Critics such as Francis Hitching focus on the fossil record. “‘The curious thing,'” he says, “is that there is a consistency about the fossil gaps: the fossils go missing in all the important places‘” (p. 42). Especially missing are “major transitional’ fossils. No fish slipping into amphibians, no reptiles turning mammalian! This is acknowledged by eminent neo-Darwinists such as Stephen Jay Gould, who says that “‘For millions of years species remain unchanged in the fossil record, and they then abruptly disappear, to be replaced by something that is substantially different but clearly related'” (p. 18).

Thus Hoyle and Wickramasinghe invoke Paley. As Wickramasinghe says: “‘It is ironic that the scientific facts throw Darwin out, but leave William Paley, a figure of fun to the scientific world for more than a century, still in the tournament with a chance of being the ultimate winner'” (p 54). Design, not chance, best explains the evidence. Paul Davies, a prominent physicist, religiously agnostic, says: “The temptation to believe that the Universe is the product of some sort of design, a manifestation of subtle aesthetic and mathematical judgement, is overwhelming. The belief that there is ‘something behind it all’ is one that I share with, I suspect, a majority of physicists. This rather diffuse feeling could, I suppose be termed theism in its wisest sense'” (p. 201).
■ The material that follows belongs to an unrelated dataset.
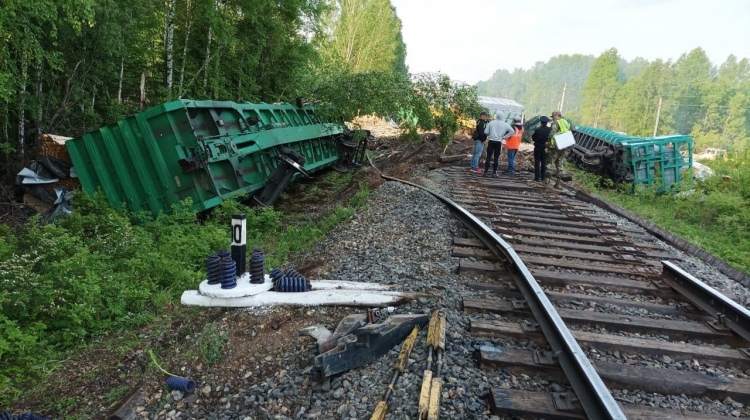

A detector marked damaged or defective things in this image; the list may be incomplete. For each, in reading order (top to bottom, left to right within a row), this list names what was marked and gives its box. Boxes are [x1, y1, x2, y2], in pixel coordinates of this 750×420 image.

bent rail [382, 174, 628, 420]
After citing various critics of Darwin–and trying to deal with them as fairly and judiciously as possible–Hayward turns to creationism. Here he finds much to be desired! By and large “creationism” means the young earth “Creation Science” espoused by a few recent-creationists. Looking at sedimentary rocks, astronomical data, “flood geology,” etc., Hayward dismisses much that marches to the “creationist” band. It’s both bad science and flawed biblical exegesis. The very label, “Creation Science,” should never have been adopted,

After considering various interpretative strategies, Hayward argues for an “ancient earth” created in successive “Days of Fiat.” The “days” referred to in Genesis are the brief time periods when God spoke–then long periods of time follow, when His words shape the world. Interestingly enough, the original King James Version indicated that the Genesis account mixes declarations and parenthetical expressions: following each “God said” there is an explanatory passage indicating it was done.

Repunctuating Genesis 1 enables Hayward to build his case. God created. But He created by speaking, at appropriate moments, over long epochs of time. Thus the antiquity of the earth need not discount the veracity of the biblical account. As Christians, we can believe the Genesis account as fully inspired. As scientifically-informed persons, if not scientists, we need not believe Darwinian dogma. Ancient Creationism, Hayward believes, “is a position of strength, because it accepts both the teaching of the Scripture and the facts of science. And it is a position of love, because it avoids giving needless offence to scientists and Bible-believers alike” (p. 205).

He concludes his book with the statement of physicist Sir William Bragg: “‘Religion and science are opposed . . . but only in the same sense as that in which my thumb and forefinger are opposed–and between the two, one can grasp everything'” (p. 207).